Monday, January 18, 2010

Teaching + Tories

It is perfectly possible that David Cameron isn't just a marketing ploy by the Tories to - finally - get themselves back into power. He might have some genuine policies. He might even mean what he says. I'd like to think that having become leader of the Conservative Party it was more about merit than the fact he was an Old Etonian Oxbridge blanidate selected as the cuddly face of a clapped out party desperately in need of another stint in government.

But then they come out with some bollocks sound-bite led non-policy policy that implies you can only teach kids if you've got a decent degree from a good university. Heaven forbid you might be a good teacher regardless. Or that you might have come late to the realisation that teaching was the right job for you. If you went to a lesser known University (or heaven forbid what used to be a polytechnic) then teaching is clearly not for you. Go away and do something else instead and let those people who deserve it teach the kids. Perhaps those old Etonian Oxford educated chaps might get involved when they've retired from running the Tory party.

There are many things wrong with the education system in this country: too many targets; too much paperwork and a focus not on education in the broadest and best sense but on churning out grades. There is a problem with finding and retaining GOOD teachers.

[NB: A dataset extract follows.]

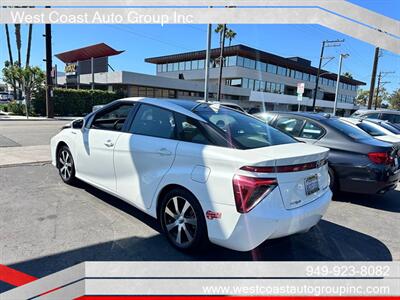 2017 Toyota Mirai - Photo 3 - Costa Mesa, CA 92626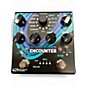 Used Source Audio AMBIENT ENCOUNTER Effect Pedal thumbnail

But it shouldn't matter what university or what undergraduate degree grade someone got. What should matter is whether they can teach. I'm all in favour of improving the quality of the teaching profession; of encouraging good teachers into difficult schools but not of thi kind of arbitrary 'if they've got a 2:1 from a proper uni then they'll be a shoe-in' policy.

The joke used to be if you can't do, teach. Perhaps the time has come to change it: if you can't do go into politics and screw it up for everyone else.